Mapping the career of ‘the Michelangelo of snow’
WHEN skiers dismount the Swift Current chairlift at Montana’s Big Sky resort, they encounter– lodged deep into the snow – a placard bearing a panoramic view of Lone Peak from the mind’s eye of James Niehues.
His pristine, hand-painted images have served as a guide to the steeps, couloirs and cliffs for skiers during the past three decades. For his airy and intricately detailed landscapes depicting mountain resorts, the prolific water colourist has earned acclaim but not broad recognition beyond attentive skiers who happen to notice his signature camouflaged in the pines and spruces of his pictures.
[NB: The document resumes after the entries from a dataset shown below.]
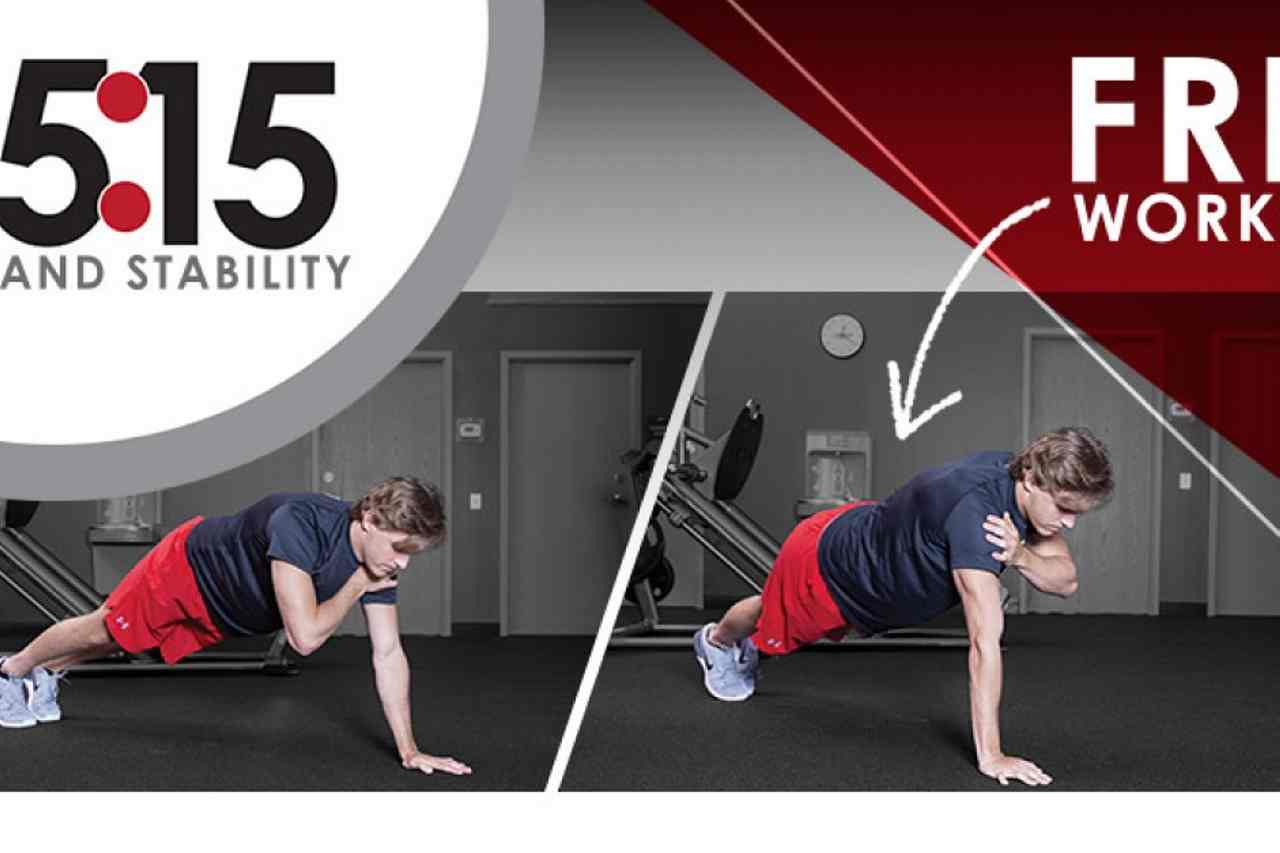 What's Your Match Exercise | Core and Stability Coaching : 45|15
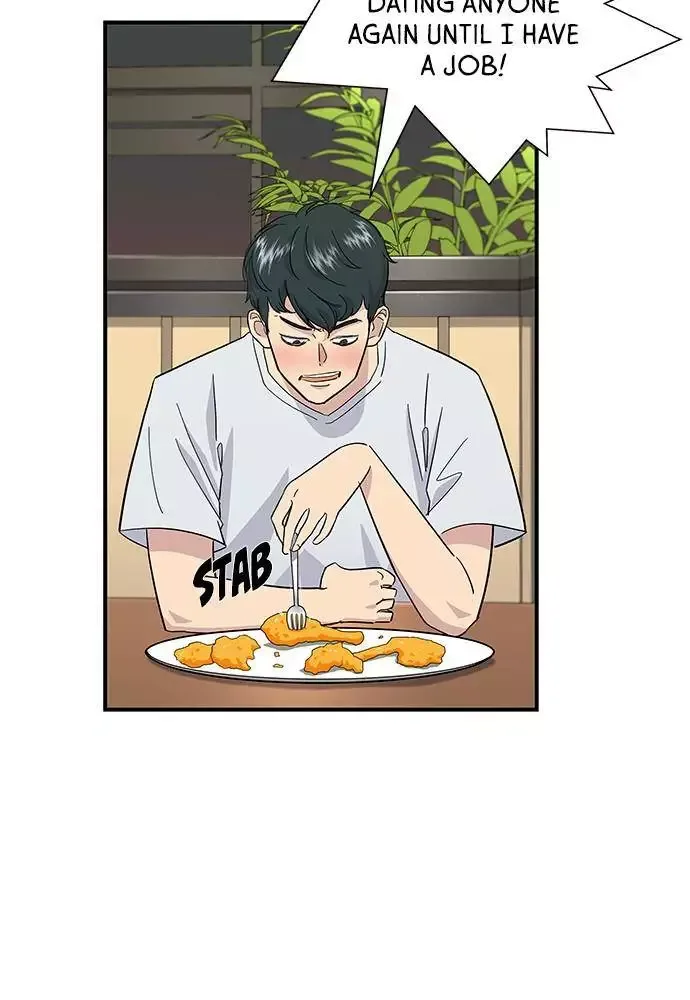 A Deadbeat’s Meal Chapter 1 page 41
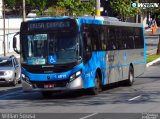 Transwolff Transportes e Turismo 6 6015 na cidade de São Paulo, São Paulo, Brasil, por Willian Sousa. ID da foto: :id.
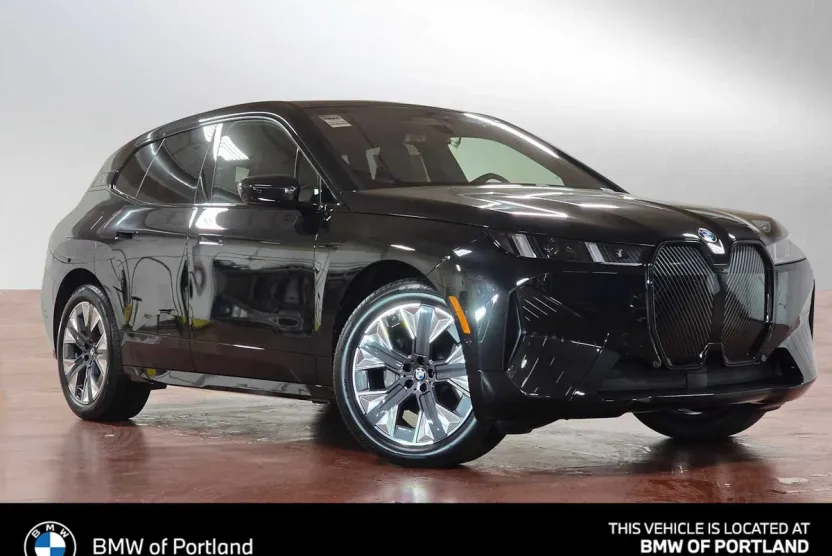 2026 Bmw iX iX xDrive60 photo 1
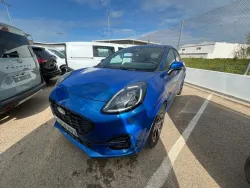FORD Puma 1.0 EcoBoost MHEV ST-Line 125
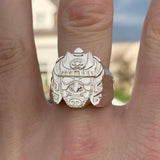 The Samurai Ring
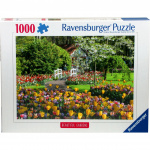 Ravensburger Keukenhofs trädgårdar 1000p - (12000851)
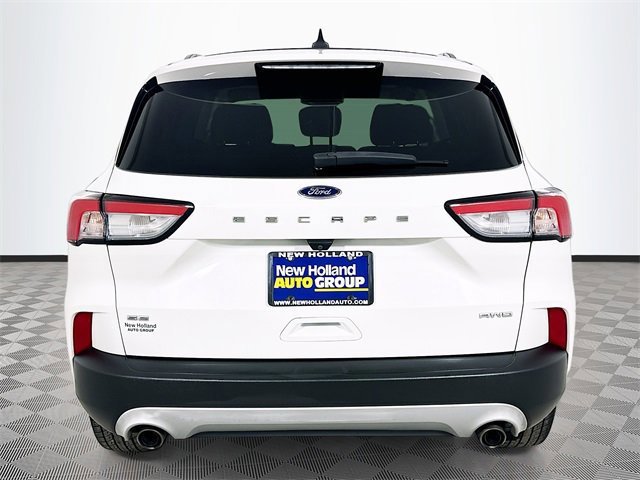Certified 2020 Ford Escape SE image 4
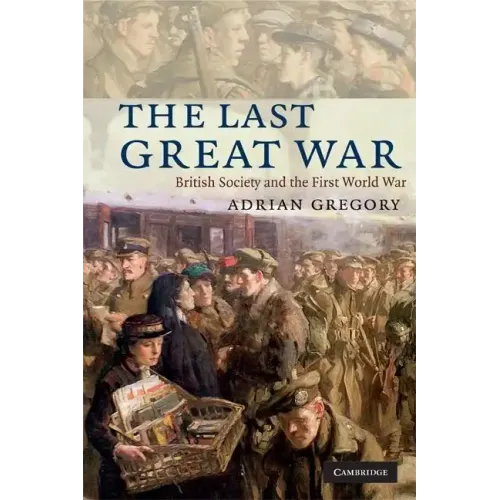 The Last Great War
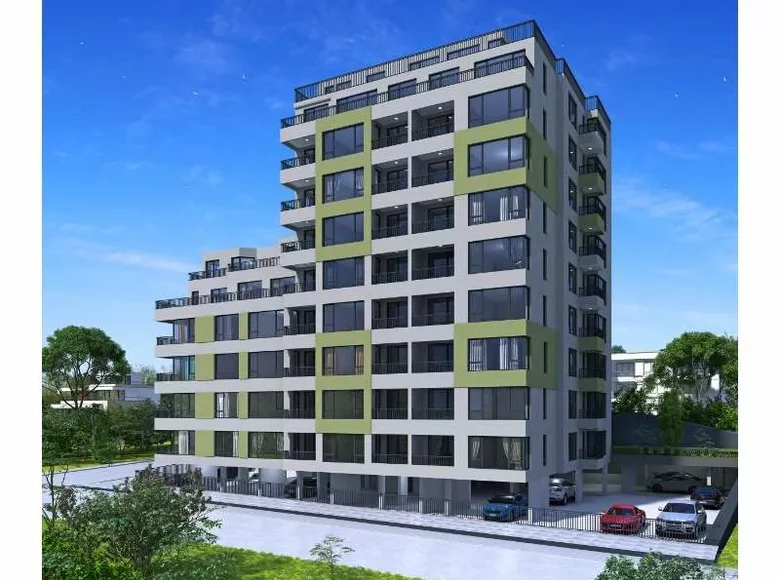 Apartment 52 m² Varna, Bulgaria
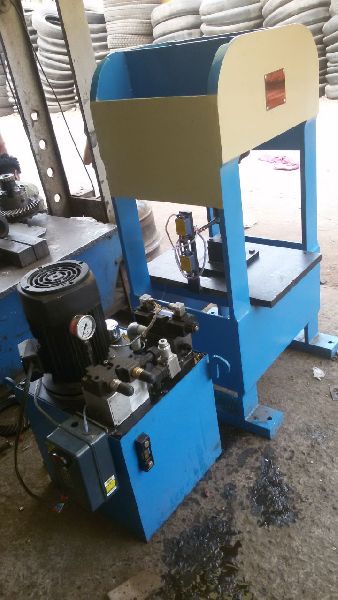 Automatic Punching Press Machine, for Cutting Die, Voltage : 110V, 220V, 380V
In fact, the work of the artist regarded as “the Michelangelo of snow” is so ubiquitous on ski mountains across North America that most of the major resorts’ maps feature his illustrations: Whistler-Blackcomb, Vail, Park City, Sun Valley, Taos - among 160 more. Niehues’s maps have woven the artist deeply into the fabric of ski culture.
“His trail maps are as much a part of the sport as snow,” Greg Ditrinco, executive editor of Ski magazine, told the Associated Press in 2011.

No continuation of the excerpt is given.